Sensitivity (Recall or True positive rate)
Sensitivity (SN) is calculated as the number of correct positive predictions divided by the total number of positives. It is also called recall (REC) or true positive rate (TPR). The best sensitivity is 1.0, whereas the worst is 0.0.
\(\mathrm{SN}=\frac{\mathrm{TP}}{\mathrm{TP}+\mathrm{FN}}=\frac{\mathrm{TP}}{\mathrm{P}}\)
Specificity (True negative rate)
Specificity (SP) is calculated as the number of correct negative predictions divided by the total number of negatives. It is also called true negative rate (TNR). The best specificity is 1.0, whereas the worst is 0.0.
\(\mathrm{SP}=\frac{\mathrm{TN}}{\mathrm{TN}+\mathrm{FP}}=\frac{\mathrm{TN}}{\mathrm{N}}\)

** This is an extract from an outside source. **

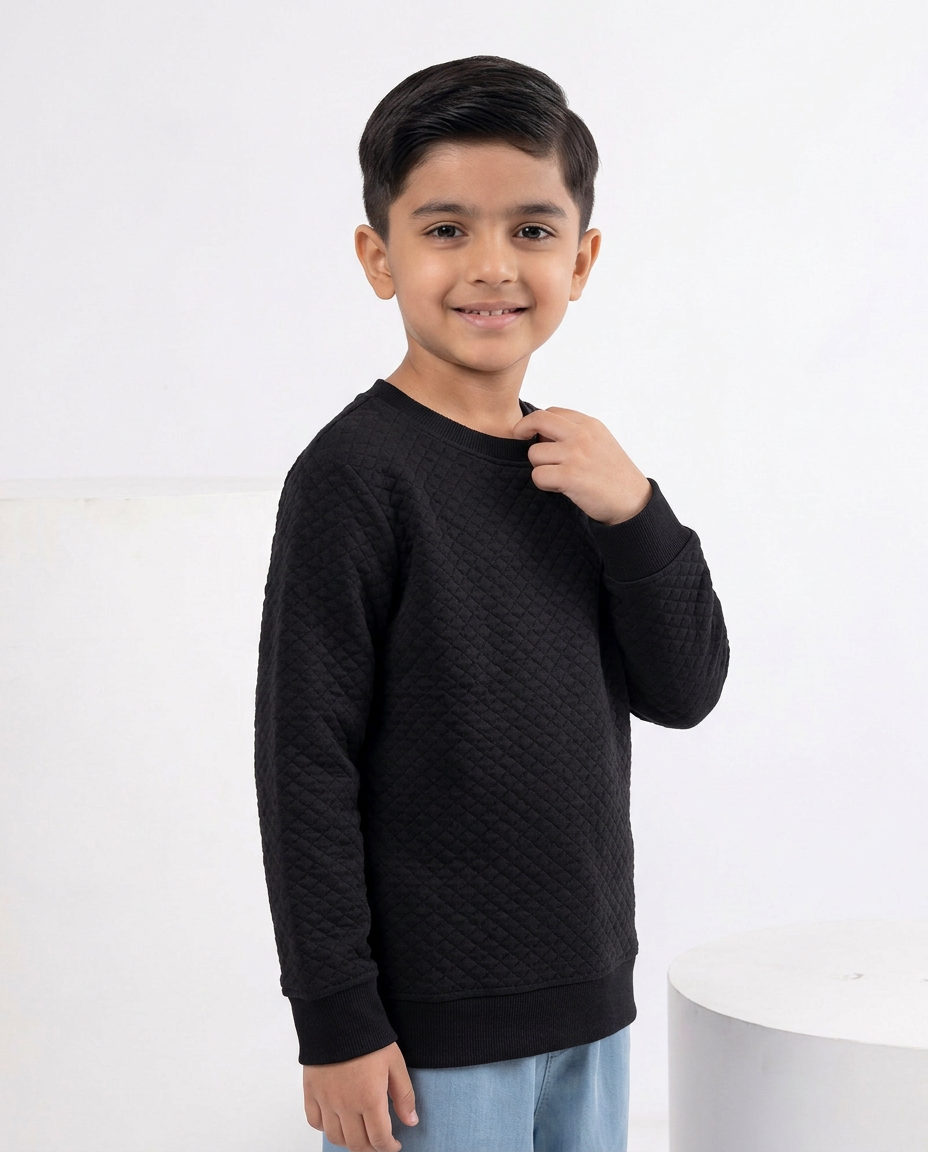 Boys Black Warm Sweater Fabric Sweatshirt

The traces in Figure 5 show how the performance parameters described the previous page change when we use our NB model to classify different subsets of spam+ham emails.
Accuracy(Red), Sensitivity(Blue) and Specificity(Green)
After 40 differet samples:
Average Accuracy is: 0.935665 Average Sensitivity is: 0.8342275 Average Specificity is: 0.973765
The NB classifier performs well in separating spam/ham in different email subsets with an average accuracy of 0.93652. The sensitivity is a bit lower at 0.837705 while the Specificity is the highest at 0.9736275.
How well does the NB classifier that we created work with much a different set of spam/ham data? We can use the subject information of the spam/ham dataset to see if we can use the same NB classifier to sort emails.
Accuracy(Red), Sensitivity(Blue) and Specificity(Green)
After 2 differet samples:
Average Accuracy is: 0.727 Average Sensitivity is: 0 Average Specificity is: 1
The performance is horrible. The text information in the Content of our emails has a completely different set of response of predictor variables as compared to the Subject of an emails. The text information of an email Subject is too short and has a different identifying fingerprints.
We have shown how the Naive Bayes algorithm can be used to sort text documents of two response variables (spam/ham). There are other more complicated techniques of machine learning available but NB performs well despite its simplicity.
We have also seen how fine-tuned is the NB classifier that we trained to one particular type of data. In this case, the classifier excels in detecting spam/ham using Content data but fails completely when using the same classifier with a related dataset (Subject data).